Proof. We need to show that $C$ is complete and totally bounded
1) Completeness. Since $C$ is a subset of complete space $\ell_p$, it is enough to show that $C$ is closed. Consider continuous linear functionals $f_n:\ell_p\to\mathbb{R}:x\mapsto x_n$. Since $|f_n(x)|=|x_n|\leq\Vert x\Vert_p$ for all $x\in\ell_p$, then $f_n$ is continuous and obviously linear. Hence $f_n^{-1}([-a_n,a_n])$ is a closed set as preimage of closed set. Note that
$$
C=\bigcap\limits_{n\in\mathbb{N}}f_n^{-1}([-a_n,a_n])
$$
so $C$ is closed as intersection of closed sets.

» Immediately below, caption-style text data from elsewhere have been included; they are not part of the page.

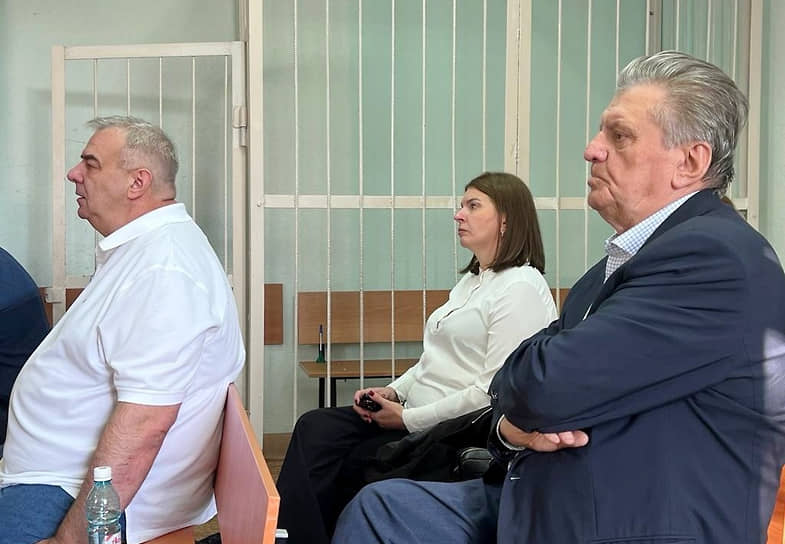 Экс-руководители «Тяжстанкогидропресса» Виктор Арановский (справа) и Николай Степакин считают предъявленные им обвинения безосновательными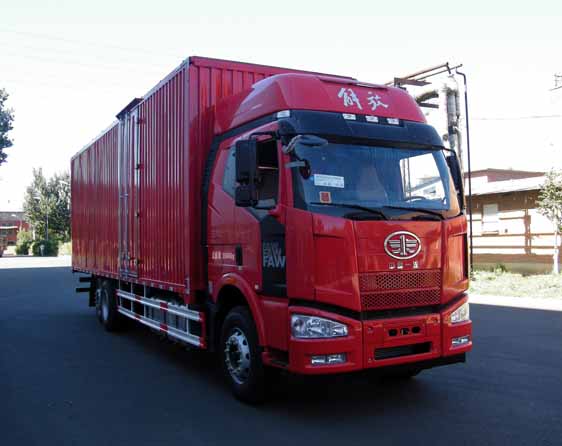 一汽解放 解放J6M 重卡 280马力 6×2R 厢式 排半 载货车(CA5250XXYP63K1L6T2E5)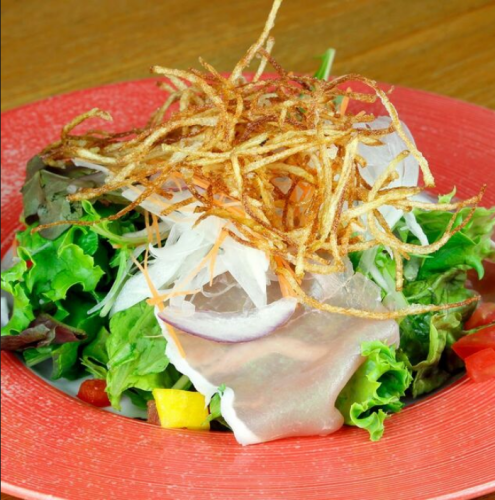Japanese salad with fried potatoes and uncured ham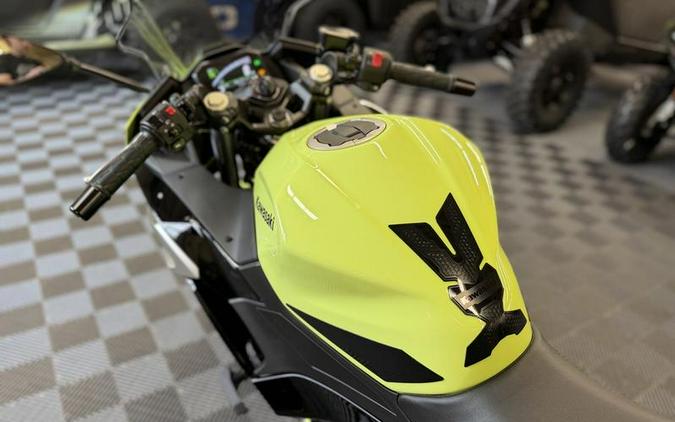 2026 Kawasaki Ninja® 500 SE ABS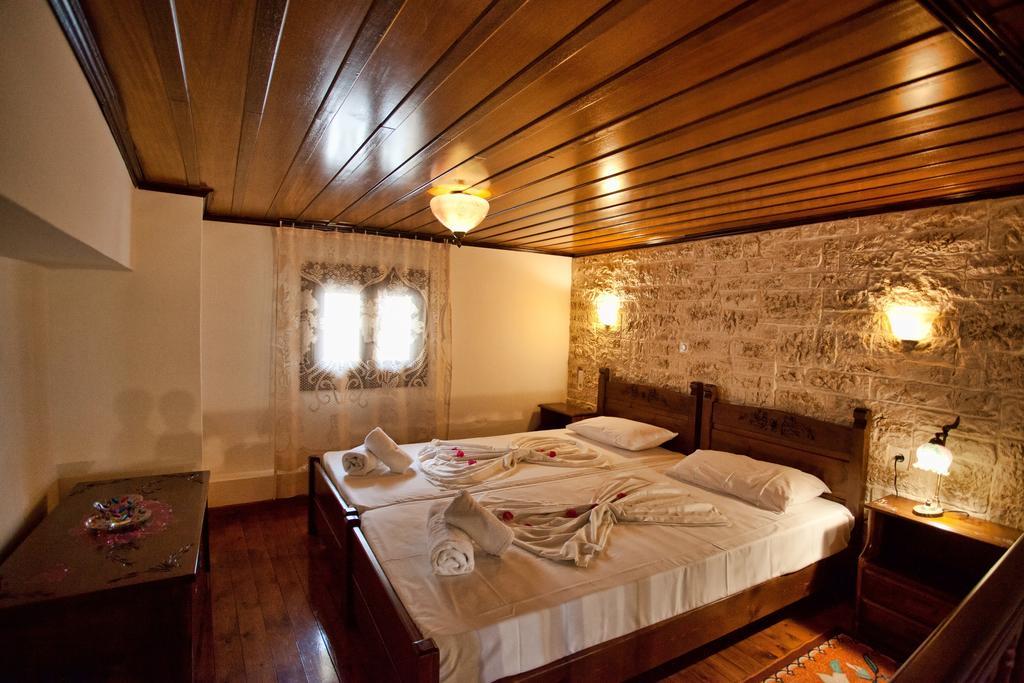 Erontas Villa Aryiroúpolis Buitenkant foto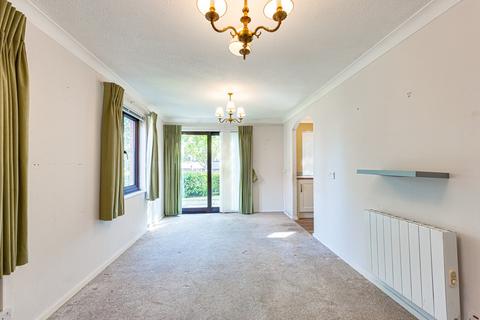 1 bedroom apartment for sale, Imperial Avenue, Westcliff-on-sea, SS0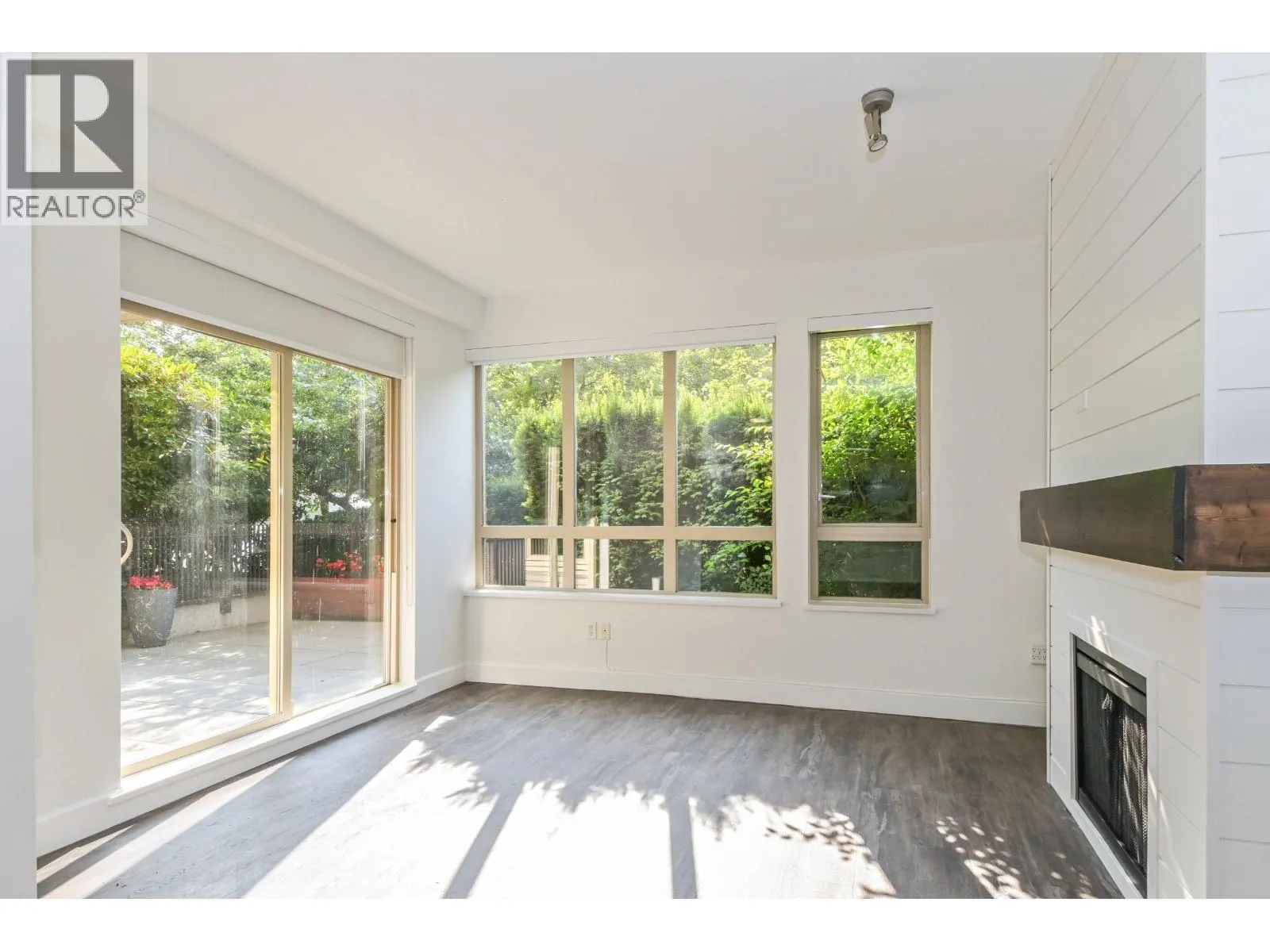 117 801 KLAHANIE DRIVE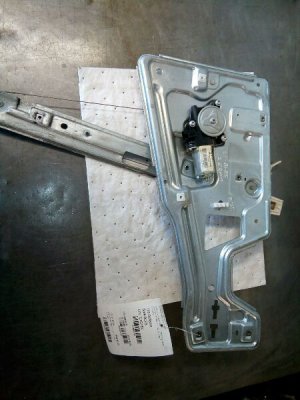 2005-2008 Chevrolet Equinox Power Window Regulator - Front, Right (Passenger) (Used OEM)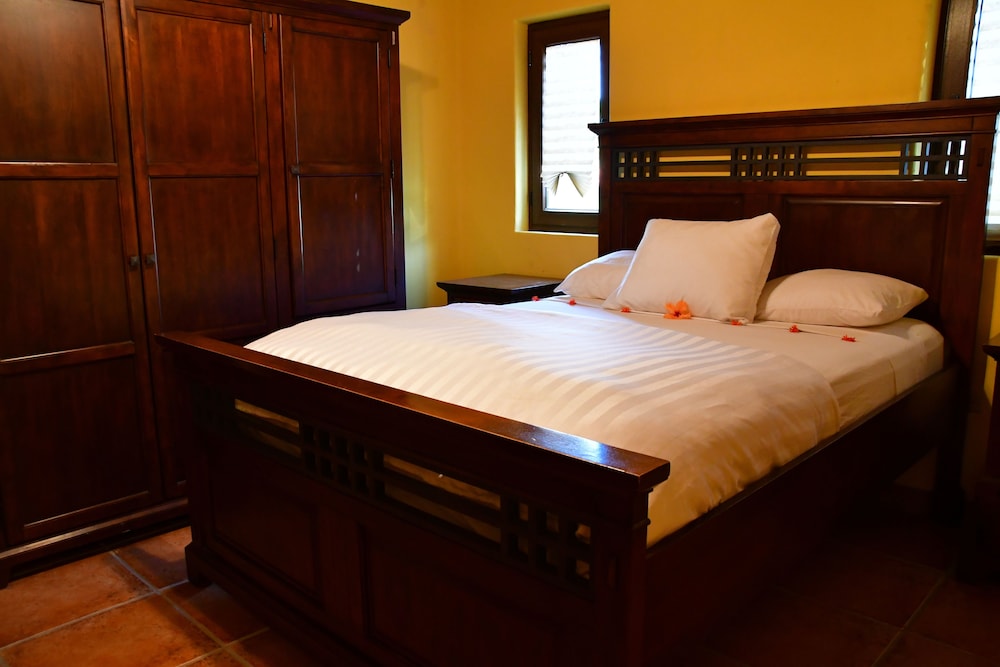 Luxury Condo, 2 Bedrooms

2) Total boundedness. From the formula of the norm in $\ell_p$ it follows that for all $x\in C$ we have $\Vert x\Vert_p\leq\Vert a\Vert_p$, so $C$ is bounded. By the same reasonong for all $x\in C$ we have
$$
\Vert (0,0,\ldots,0,x_N,x_{N+1},\ldots) \Vert_p\leq
\Vert (0,0,\ldots,0,a_N,a_{N+1},\ldots) \Vert_p
$$
Hence
$$
\lim\limits_{N\to\infty}\sup\left\{\Vert (0,0,\ldots,0,x_N,x_{N+1},\ldots) \Vert_p:x\in C\right\}\leq
\lim\limits_{N\to\infty}\Vert (0,0,\ldots,0,a_N,a_{N+1},\ldots) \Vert_p=0
$$
Since $a\in\ell_p\cap c_0$ then the last limit is $0$, so
$$
\lim\limits_{N\to\infty}\sup\left\{\Vert (0,0,\ldots,0,x_N,x_{N+1},\ldots) \Vert_p:x\in C\right\}=0
$$
Thus from previous theorem we see that $C$ is totally bounded.